| Problem to solve |
Beginning with the line that holds "Hi everyone, welcome", write out each line exactly as it stands until the end of the data, and include no pictures.

| Dataset items |
=====
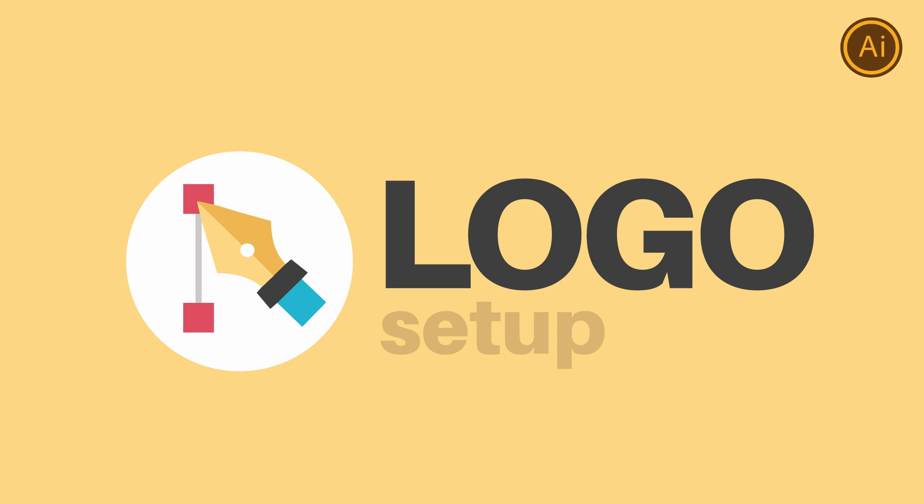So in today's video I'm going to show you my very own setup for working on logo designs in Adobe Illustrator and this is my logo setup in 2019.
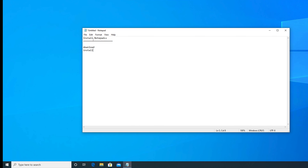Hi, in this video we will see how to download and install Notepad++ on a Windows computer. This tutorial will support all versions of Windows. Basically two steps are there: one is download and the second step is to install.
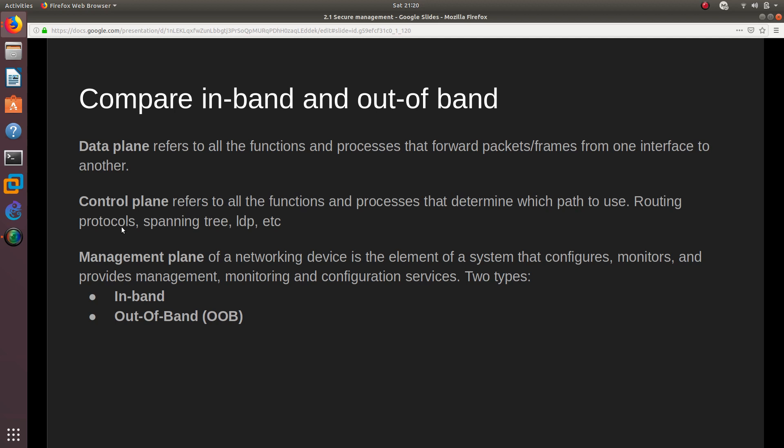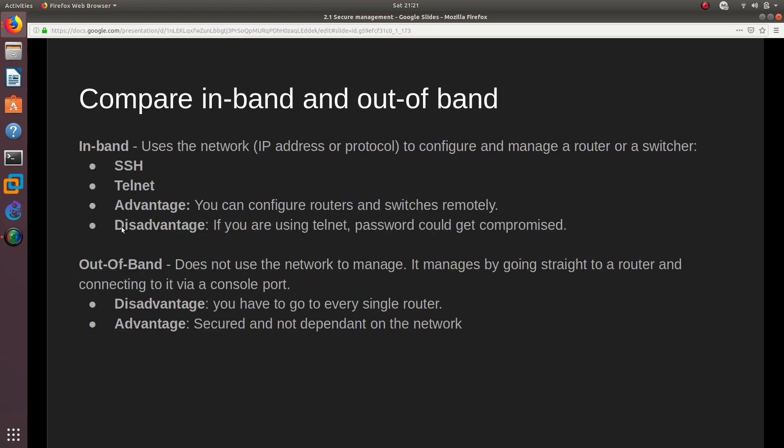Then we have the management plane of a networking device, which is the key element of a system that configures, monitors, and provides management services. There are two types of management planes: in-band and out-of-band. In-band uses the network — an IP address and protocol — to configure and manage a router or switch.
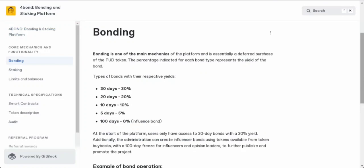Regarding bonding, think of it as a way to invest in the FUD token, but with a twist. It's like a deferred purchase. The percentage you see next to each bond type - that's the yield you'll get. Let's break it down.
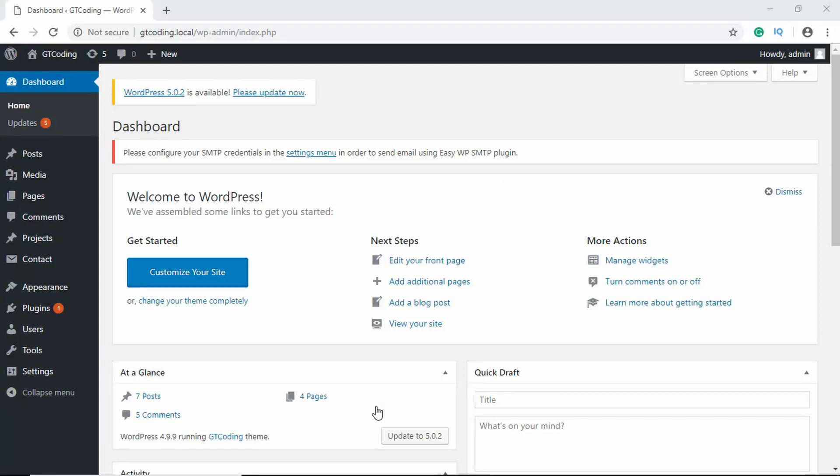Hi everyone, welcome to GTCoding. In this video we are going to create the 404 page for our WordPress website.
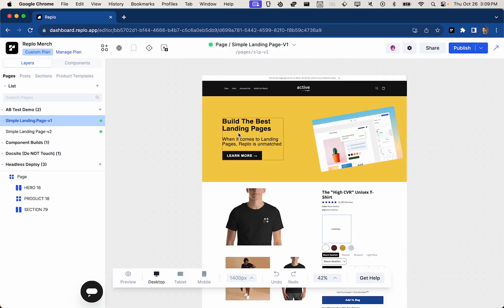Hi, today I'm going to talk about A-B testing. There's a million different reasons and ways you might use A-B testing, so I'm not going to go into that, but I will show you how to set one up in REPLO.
=====
| Response to the exercise |
Hi everyone, welcome to GTCoding. In this video we are going to create the 404 page for our WordPress website.
Hi, today I'm going to talk about A-B testing. There's a million different reasons and ways you might use A-B testing, so I'm not going to go into that, but I will show you how to set one up in REPLO.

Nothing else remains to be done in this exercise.